Этот сравнительно небольшой пример с Никарагуа показывает, что в каждой ситуации, когда положение и злоключения «гражданских лиц» являются предметом заинтересованности воюющих сторон, может быть обнаружен большой набор вариантов политизированной гуманитарной помощи. Невозможно себе представить, чтобы не только классические национально-освободительные движения 60-70-х годов XX в., такие как АНК, СВАПО, МПЛА и т.п., но и не поддающиеся столь четкой квалификации и дольше существующие ООП, Народный фронт освобождения Эритреи и Народный фронт освобождения Тигре, сальвадорский Фронт национального освобождения имени Фарабундо Марти, афганские моджахеды, а также «красные кхмеры» (после их изгнания из Пномпеня) продержались бы в качестве единых движений столь долго и столь успешно без «гуманитарной» помощи, иногда огромной по своим размерам.
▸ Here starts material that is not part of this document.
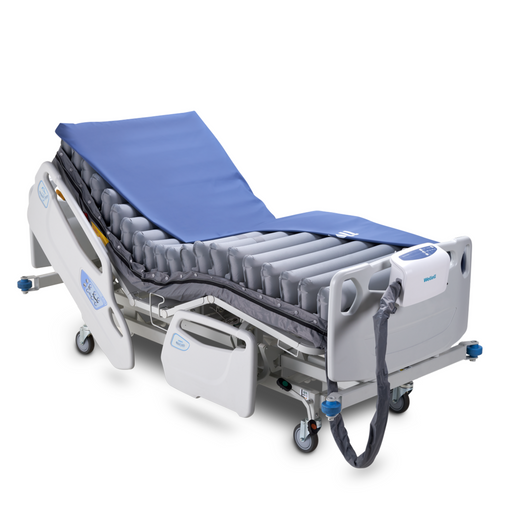 Wellell Domus Auto Medical Air Mattress on a hospital bed, featuring alternating pressure redistribution and quilted cover.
Эта помощь из многочисленных внешних источников под разными флагами и лозунгами поступала в их лагеря и на их базы, которые обычно по необходимости обустраивались вблизи границ, внутри которых велись боевые действия[330]. С политической и военной точек зрения все это неудивительно. Только с юридической точки зрения это может вызвать удивление у того, кто принимает гуманитарную нейтральность, санкционированную доктриной равного применения, за чистую монету.